• PROBLEM TO SOLVE: Type out the complete listing below word for word, without its pictures.

• PROVIDED MATERIAL:
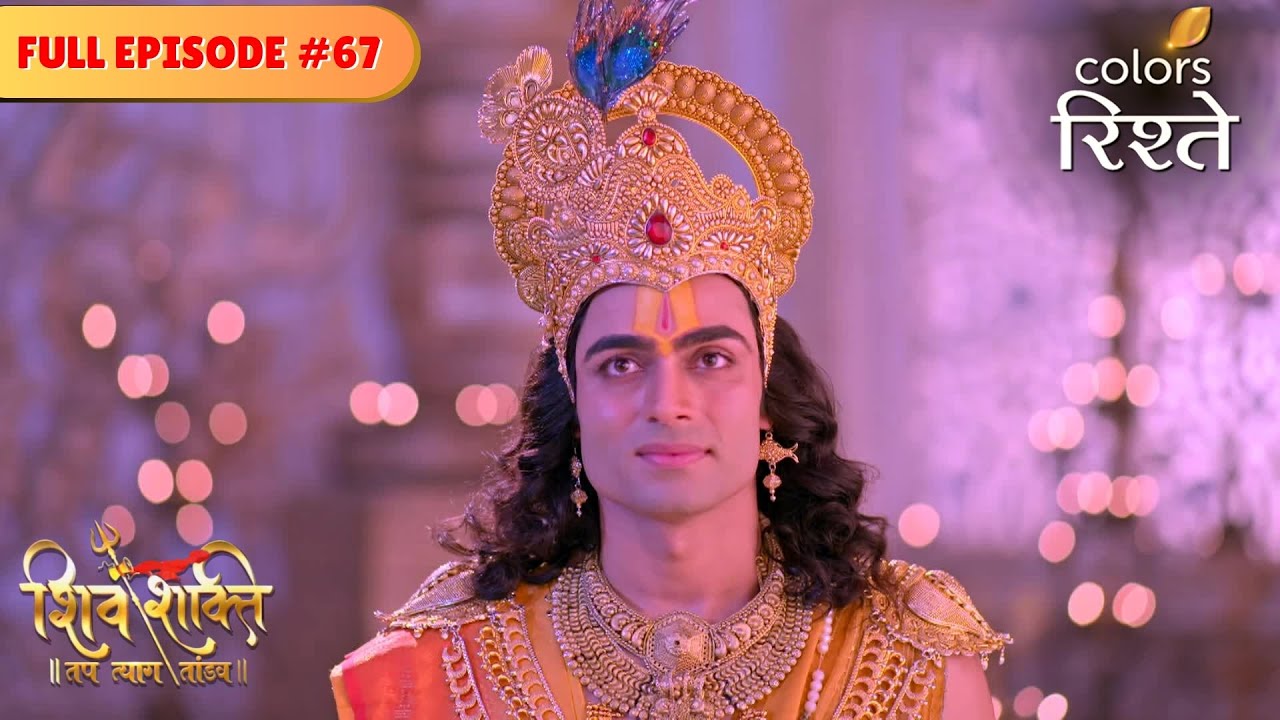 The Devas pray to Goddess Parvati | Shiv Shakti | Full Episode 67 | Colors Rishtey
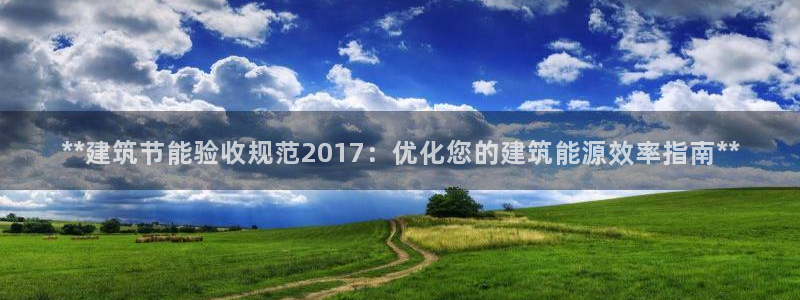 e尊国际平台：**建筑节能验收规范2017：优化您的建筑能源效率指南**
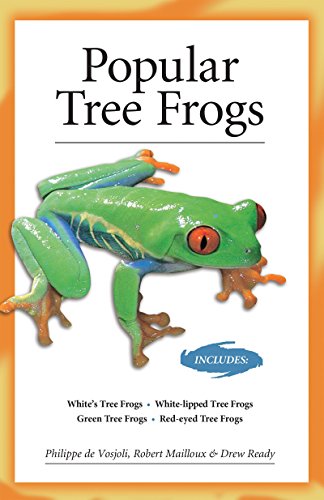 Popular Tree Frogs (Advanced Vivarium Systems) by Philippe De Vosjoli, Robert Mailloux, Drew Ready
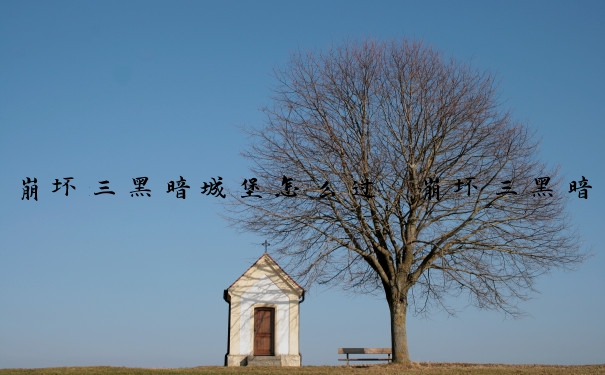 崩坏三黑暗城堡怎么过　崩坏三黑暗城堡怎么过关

• YOUR SOLUTION:
 The Devas pray to Goddess Parvati | Shiv Shakti | Full Episode 67 | Colors Rishtey
 e尊国际平台：**建筑节能验收规范2017：优化您的建筑能源效率指南**
 Popular Tree Frogs (Advanced Vivarium Systems) by Philippe De Vosjoli, Robert Mailloux, Drew Ready
 崩坏三黑暗城堡怎么过　崩坏三黑暗城堡怎么过关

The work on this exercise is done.